TBMM Genel Kurulu’nda, Irak ve Suriye’ye asker gönderme tezkeresinin süresinin 30 Ekim 2025’ten itibaren 3 yıluzatılmasını öngören Cumhurbaşkanlığı tezkeresi kabul edildi. Tezkere AK Parti, MHP, Yeni Yol ve İYİ Parti oyları kabul edilirken, DEM Parti ve CHP tezkereye ‘hayır’ dedi.
Oylama öncesinde Meclis’te grubu ve temsilcisi bulunan partiler adına söz alan milletvekilleri, tezkereye ilişkin görüşlerini dile getirdi.
Tezkere görüşmeleri sırasında hükümetin dış politika yaklaşımı, tezkerenin süresi ve sınır dışı operasyon konuları en çok tartışılan başlıklar arasında yer aldı.
Tezkere oylaması öncesinde partileri adına konuşan milletvekilleri şunları söyledi:
“İstikrar yalnızca silahla değil, diyalog ve işbirliğiyle sağlanabilir”
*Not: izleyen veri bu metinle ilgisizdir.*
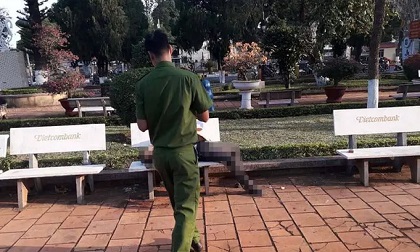 Tá hỏa phát hiện người đàn ông tử vong trên ghế đá hoa viên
Evet oyu kullanan Yeni Yol Partisi’nin Ankara Milletvekili İdris Şahin tezkerenin yılda bir kez gündeme getirilmesi gerektiğini belirterek şu ifadeleri kullandı:
“İstikrar yalnızca silahla değil, diyalog ve işbirliğiyle sağlanabilir. Bizim TBMM geleneğinde böyle bir şey yoktu. TBMM’yi çalıştırmak çok mu zor ki siz 2 yıllık, 3 yıllık tezkereleri buradan çıkarıyorsunuz?
Oysa tezkerelerde aslolan her yıl Parlamentoda yenilenebilecek güce iktidarın sahip olduğu gerçeğidir.
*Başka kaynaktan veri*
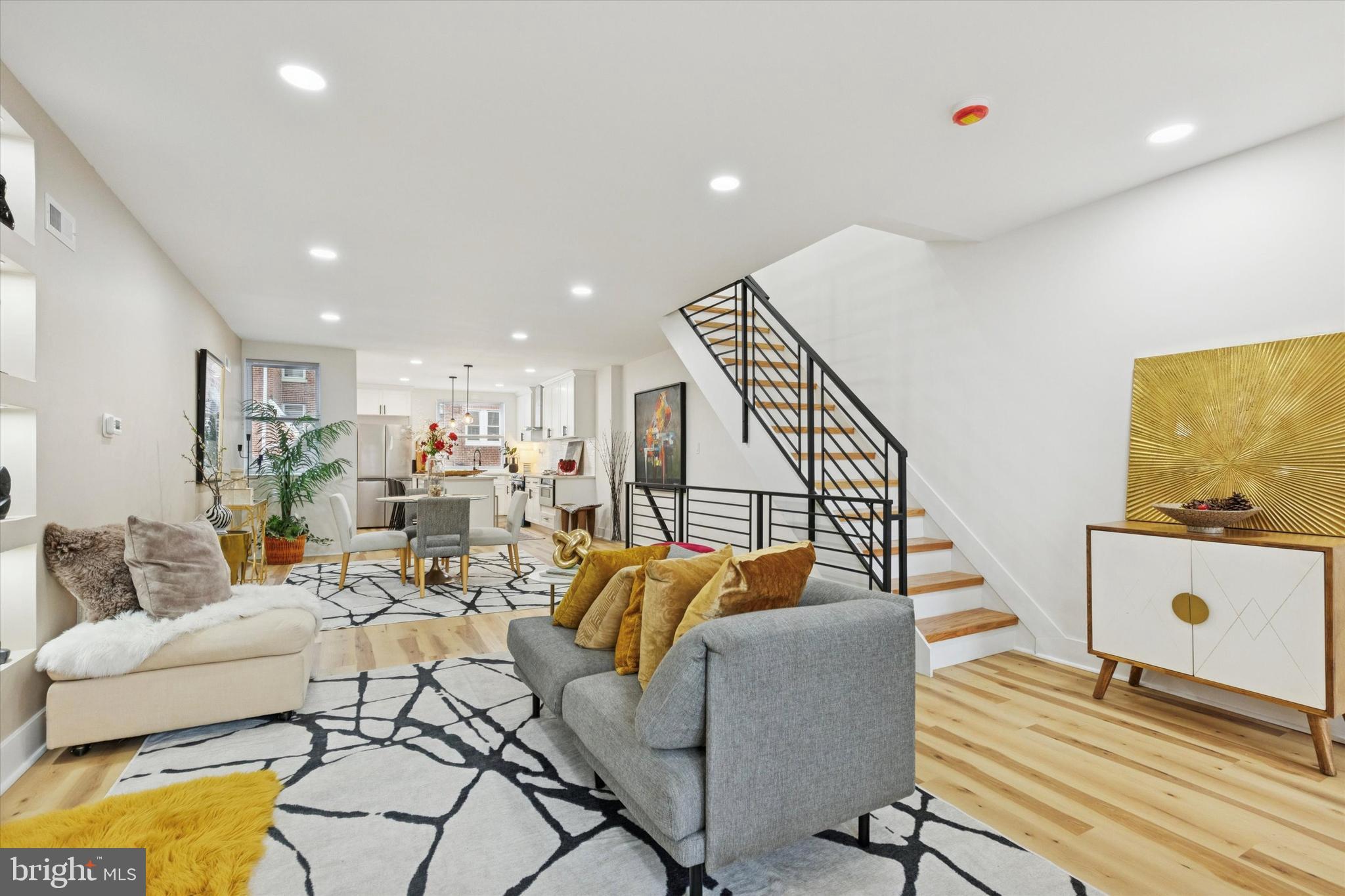 WEST OAK LANE - Residential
Sayısal çoğunluğunuz, dilediğiniz gibi bu tezkereleri yılda bir görüşmek suretiyle çıkartabilir.
Suriye’de ve Irak’ta Türkiye’ye yönelik bir tehdidin varlığını hepimiz görüyoruz, bu konuda hiçbir tereddüt yok ama yangından mal kaçırır gibi 3 yıllık bir tezkerenin bu parlamentoda görüşülmüş olmasını doğru bulmuyoruz ve iki buçuk yıl sonra Anayasa’ya göre görev süresi tamamlanmış milletvekillerinin bu yönde bir irade kullanması da bir noktada yetki gaspıdır.”
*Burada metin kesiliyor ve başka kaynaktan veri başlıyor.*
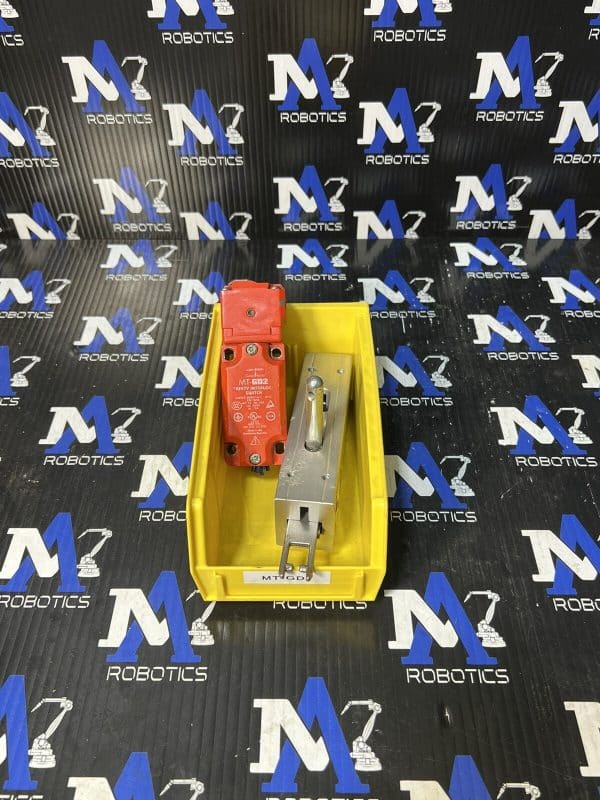 Guard Master Inching Button ALLEN-BRADLEY GUARDMASTER SAFETY INTERLOCK SWITCH MT-GD2 | AMRobotics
DEM Parti İstanbul Milletvekili Cengiz Çiçek: Bu tezkereyle Türkiye’deki, Suriye’deki entegrasyon politikalarını baltalıyorsunuz
Genel Kurul’da söz alan Halkların Eşitlik ve Demokrasi Partisi (DEM Parti) İstanbul Milletvekilli Cengiz Çicek, tezkerenin Kürt sorunu bağlamında eski ruh ve argümanların devamı olduğunu ifade etti. Sürece dikkat çekerek, sözlerini sürdüren Çiçek, sürece güvenin az olduğunu bu tezkerenin de var olan güveni yerle bir ettiğini kaydetti.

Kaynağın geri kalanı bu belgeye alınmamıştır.